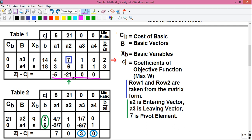Before proceeding to the next simplex table, we do some more calculations. Step 1: look for the most negative number in the zj minus cj row. The most negative number is minus 21, so we write an upward arrow next to it. The corresponding column vector is a2, which becomes our entering basic vector.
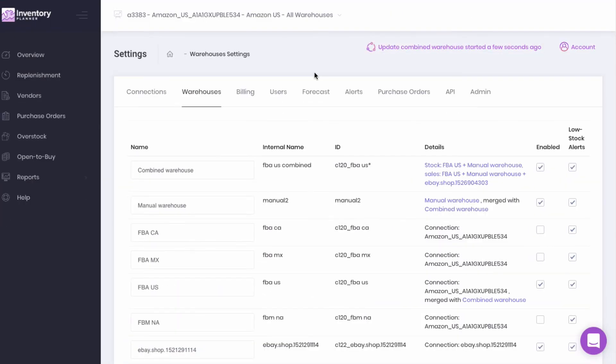After you create your combined warehouse, Inventory Planner will need to sync and recalculate information so you will see syncing at the top of your screen for a few seconds or a few minutes.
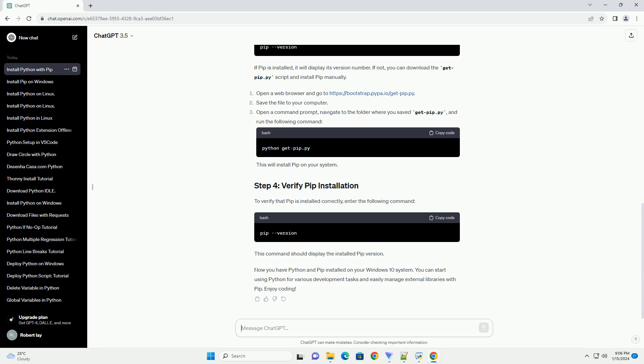Type the following command and press Enter. This command should display the installed Python version. If successful, you've installed Python correctly.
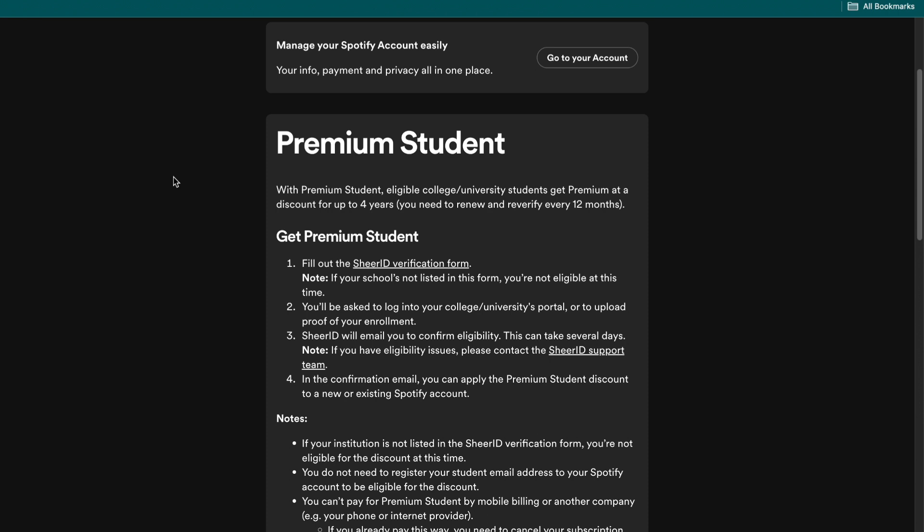Now in order to claim your student discount, here's what you need to do. You need to fill out the SheerID verification form, and if your school is not listed on the form you're not eligible at this time.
-----
What to do -
Copy everything in the listing above exactly except the pictures.

Answer box -
Before proceeding to the next simplex table, we do some more calculations. Step 1: look for the most negative number in the zj minus cj row. The most negative number is minus 21, so we write an upward arrow next to it. The corresponding column vector is a2, which becomes our entering basic vector.
After you create your combined warehouse, Inventory Planner will need to sync and recalculate information so you will see syncing at the top of your screen for a few seconds or a few minutes.
Type the following command and press Enter. This command should display the installed Python version. If successful, you've installed Python correctly.
Now in order to claim your student discount, here's what you need to do. You need to fill out the SheerID verification form, and if your school is not listed on the form you're not eligible at this time.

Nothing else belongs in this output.